Живой свидетель – ординарец командарма, Иван Львович Миронов вспоминает о тех тревожно-страшных днях. Мы сидели с ним на крыльце. Беседовали... Жена Ивана Львовича принесла арбуз и села по правую сторону от мужа. Он строго глянул на нее: «Не знаешь свово места!..» Старуха быстренько приподнялась и молча пересела на другую сторону. Иван Львович пояснил мне: «Баба должна быть всегда и везде по левую сторону от казака, как и шашка... О Балашове помню, как нынче это было... Сидел Миронов в одиночке. После суда Филипп Козьмич попросил стражу побыть со всеми вместе. Сидим, носы повесили... Тюрьма над Хопром. Ночь. „Когда расстреливают?“ – „На рассвете“. Полночь... Загремели засовы. „Кто Миронов?“ – „Я“. – „Выходи!“ Повели Миронова. Сидим, слушаем, ждем выстрела – прошло, может быть, пять... десять... пятнадцать минут... Снова гремят засовы – входит Миронов, в руках какая-то бумага... Помиловали...»
Председатель Чрезвычайного трибунала по делу Миронова Д. Полуян опубликовал в «Известиях» статью «Почему Миронов помилован»:
«Кто такой Миронов? Представитель враждебного советской власти класса? Отнюдь нет, иначе мы не судили бы его, а просто расстреляли. Кто такие мироновцы? Тоже не наши классовые враги. Среди них нет ни одного банкира, помещика или буржуя. Больше того: если вы возьмете любого мироновца, то увидите, что каждый из них так или иначе пострадал от Деникина или Краснова. У одного семья вырезана, другой сам подвергался насилиям, у третьего дом разорен и т. п.

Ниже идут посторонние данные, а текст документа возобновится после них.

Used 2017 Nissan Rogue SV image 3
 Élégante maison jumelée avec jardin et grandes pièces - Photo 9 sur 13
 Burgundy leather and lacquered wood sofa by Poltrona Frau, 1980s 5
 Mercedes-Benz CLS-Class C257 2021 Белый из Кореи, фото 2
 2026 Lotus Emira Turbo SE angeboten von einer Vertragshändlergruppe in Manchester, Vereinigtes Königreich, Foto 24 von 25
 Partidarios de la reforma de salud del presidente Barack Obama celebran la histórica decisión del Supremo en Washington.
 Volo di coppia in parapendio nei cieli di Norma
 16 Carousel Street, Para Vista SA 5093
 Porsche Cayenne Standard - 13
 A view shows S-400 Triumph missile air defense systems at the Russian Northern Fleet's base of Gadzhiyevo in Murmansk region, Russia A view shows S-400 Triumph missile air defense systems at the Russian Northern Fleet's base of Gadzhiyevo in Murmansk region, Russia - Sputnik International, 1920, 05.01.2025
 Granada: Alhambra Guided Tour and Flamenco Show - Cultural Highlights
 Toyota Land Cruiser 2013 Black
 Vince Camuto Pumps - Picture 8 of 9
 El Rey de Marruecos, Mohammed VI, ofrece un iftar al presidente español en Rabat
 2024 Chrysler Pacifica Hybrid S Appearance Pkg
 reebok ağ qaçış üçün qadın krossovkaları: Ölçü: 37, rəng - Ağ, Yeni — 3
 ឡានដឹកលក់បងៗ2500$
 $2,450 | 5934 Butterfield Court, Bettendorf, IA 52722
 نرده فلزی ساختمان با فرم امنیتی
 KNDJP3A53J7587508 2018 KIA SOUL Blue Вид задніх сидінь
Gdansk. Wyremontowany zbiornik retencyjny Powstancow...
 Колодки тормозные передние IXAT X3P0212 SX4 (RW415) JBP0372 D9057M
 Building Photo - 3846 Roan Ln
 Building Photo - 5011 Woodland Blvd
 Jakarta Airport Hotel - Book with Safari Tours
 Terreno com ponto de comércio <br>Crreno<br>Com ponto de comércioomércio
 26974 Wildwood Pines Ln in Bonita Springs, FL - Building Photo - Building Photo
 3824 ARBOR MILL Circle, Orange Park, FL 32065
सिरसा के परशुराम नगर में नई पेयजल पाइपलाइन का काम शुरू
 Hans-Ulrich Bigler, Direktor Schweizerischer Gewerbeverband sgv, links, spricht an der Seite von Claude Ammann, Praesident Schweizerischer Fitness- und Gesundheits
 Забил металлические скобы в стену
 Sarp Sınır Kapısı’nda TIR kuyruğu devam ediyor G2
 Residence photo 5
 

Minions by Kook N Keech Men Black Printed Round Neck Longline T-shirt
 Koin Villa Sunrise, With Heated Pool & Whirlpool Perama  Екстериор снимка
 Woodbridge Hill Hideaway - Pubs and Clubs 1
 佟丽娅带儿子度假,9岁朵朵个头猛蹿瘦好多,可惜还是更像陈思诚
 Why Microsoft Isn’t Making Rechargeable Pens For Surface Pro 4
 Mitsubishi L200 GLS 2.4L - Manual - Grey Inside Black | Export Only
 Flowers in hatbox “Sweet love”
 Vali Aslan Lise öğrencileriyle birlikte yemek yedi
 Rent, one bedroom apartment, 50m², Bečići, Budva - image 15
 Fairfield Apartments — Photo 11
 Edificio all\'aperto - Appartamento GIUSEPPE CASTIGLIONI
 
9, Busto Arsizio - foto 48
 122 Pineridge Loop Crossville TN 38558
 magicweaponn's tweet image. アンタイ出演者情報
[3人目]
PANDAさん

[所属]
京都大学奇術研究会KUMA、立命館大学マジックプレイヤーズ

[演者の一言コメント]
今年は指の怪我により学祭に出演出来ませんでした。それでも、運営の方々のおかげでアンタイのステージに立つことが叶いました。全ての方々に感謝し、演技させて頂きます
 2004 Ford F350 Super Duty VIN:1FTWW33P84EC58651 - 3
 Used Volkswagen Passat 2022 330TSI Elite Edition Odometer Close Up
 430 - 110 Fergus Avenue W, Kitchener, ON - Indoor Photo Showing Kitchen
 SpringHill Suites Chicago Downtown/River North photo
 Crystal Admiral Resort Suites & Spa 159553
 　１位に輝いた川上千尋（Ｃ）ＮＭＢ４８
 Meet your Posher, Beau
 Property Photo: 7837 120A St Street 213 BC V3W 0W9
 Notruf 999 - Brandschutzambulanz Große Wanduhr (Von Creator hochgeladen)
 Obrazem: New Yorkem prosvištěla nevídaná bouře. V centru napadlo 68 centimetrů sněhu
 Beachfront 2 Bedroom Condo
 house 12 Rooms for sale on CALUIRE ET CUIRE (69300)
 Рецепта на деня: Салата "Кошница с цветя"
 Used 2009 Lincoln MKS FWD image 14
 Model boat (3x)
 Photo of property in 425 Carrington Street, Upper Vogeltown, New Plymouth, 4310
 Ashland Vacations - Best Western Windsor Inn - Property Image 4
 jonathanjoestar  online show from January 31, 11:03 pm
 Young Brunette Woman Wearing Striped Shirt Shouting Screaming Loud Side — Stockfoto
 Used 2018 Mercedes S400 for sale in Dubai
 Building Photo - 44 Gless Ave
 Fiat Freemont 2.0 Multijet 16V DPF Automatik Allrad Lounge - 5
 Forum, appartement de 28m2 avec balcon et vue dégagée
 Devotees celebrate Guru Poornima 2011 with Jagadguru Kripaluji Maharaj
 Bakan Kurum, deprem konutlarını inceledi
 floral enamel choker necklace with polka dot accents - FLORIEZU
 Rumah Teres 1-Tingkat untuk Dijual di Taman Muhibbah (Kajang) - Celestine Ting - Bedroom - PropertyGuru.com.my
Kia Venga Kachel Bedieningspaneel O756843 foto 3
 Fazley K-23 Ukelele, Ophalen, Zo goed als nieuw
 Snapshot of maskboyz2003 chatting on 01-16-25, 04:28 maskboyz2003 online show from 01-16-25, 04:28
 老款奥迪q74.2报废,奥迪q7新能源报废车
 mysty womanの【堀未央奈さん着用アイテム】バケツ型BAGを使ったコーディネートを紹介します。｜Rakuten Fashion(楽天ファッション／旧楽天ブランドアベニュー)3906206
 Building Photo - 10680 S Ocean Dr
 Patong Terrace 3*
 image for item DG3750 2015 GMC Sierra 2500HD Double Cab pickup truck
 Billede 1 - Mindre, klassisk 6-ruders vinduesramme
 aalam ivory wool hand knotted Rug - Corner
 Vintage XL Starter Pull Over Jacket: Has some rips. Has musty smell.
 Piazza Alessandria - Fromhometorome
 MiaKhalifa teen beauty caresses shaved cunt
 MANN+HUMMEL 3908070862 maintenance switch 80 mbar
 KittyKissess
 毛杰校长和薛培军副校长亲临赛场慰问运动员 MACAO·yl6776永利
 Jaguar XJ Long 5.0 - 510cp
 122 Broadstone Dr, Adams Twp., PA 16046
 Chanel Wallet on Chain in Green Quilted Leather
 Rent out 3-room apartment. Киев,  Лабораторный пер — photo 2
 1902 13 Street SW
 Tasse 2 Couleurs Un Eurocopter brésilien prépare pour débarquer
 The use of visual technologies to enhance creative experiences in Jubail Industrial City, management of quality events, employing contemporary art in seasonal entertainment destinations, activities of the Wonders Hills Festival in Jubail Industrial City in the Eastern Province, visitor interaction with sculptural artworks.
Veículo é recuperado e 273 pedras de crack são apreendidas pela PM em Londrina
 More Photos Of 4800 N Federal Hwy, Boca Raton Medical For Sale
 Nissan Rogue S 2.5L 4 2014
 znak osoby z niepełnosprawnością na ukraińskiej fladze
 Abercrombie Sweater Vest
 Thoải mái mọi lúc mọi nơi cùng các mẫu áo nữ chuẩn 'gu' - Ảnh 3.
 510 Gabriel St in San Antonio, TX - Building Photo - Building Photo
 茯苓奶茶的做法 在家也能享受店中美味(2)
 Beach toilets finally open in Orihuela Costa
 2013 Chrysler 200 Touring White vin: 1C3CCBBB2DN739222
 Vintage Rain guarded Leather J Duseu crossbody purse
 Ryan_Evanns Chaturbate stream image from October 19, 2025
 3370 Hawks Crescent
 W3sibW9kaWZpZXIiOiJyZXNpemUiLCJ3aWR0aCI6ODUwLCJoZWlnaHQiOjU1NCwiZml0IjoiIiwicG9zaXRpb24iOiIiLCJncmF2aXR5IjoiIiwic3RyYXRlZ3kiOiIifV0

Миронов – типичный представитель середняка, трудового казачества. Он далек от последовательной, выдержанной, кристально ясной идеологии рабочего класса, но он не менее далек от идеологии помещичье-буржуазных классов. В Миронове скрещиваются, переплетаются, порою в неожиданных сочетаниях, самые разнообразные политические влияния, но с явным преобладанием (и это типично для середняка) того из этих влияний, которое можно назвать советским.
Как всякий середняк, Миронов постоянно колебался и метался между двумя крайними лагерями – пролетариатом и буржуазией. Он никогда отчетливо не сознавал той непроходимой пропасти, какая лежит между белыми и красными...
Перед Чрезвычайным трибуналом стояла следующая задача. С одной стороны, Миронов нарушил боевой приказ, вступил в стычки с красноармейскими частями, резал телеграфные провода, одним словом, действовал как мятежник. В условиях гражданской войны за такое преступление может быть положена только одна мера наказания – расстрел. С другой стороны, Миронов совершенно искренне раскаялся в своем преступлении и дал торжественное обещание впредь всю свою жизнь посвятить борьбе за Советскую власть. Кроме того, у Миронова имеются большие заслуги перед революцией. С самых Октябрьских дней он стоял в наших рядах, активно боролся с Красновым, занимал ответственные командные посты, все это говорило за то, чтобы Миронову сохранить жизнь».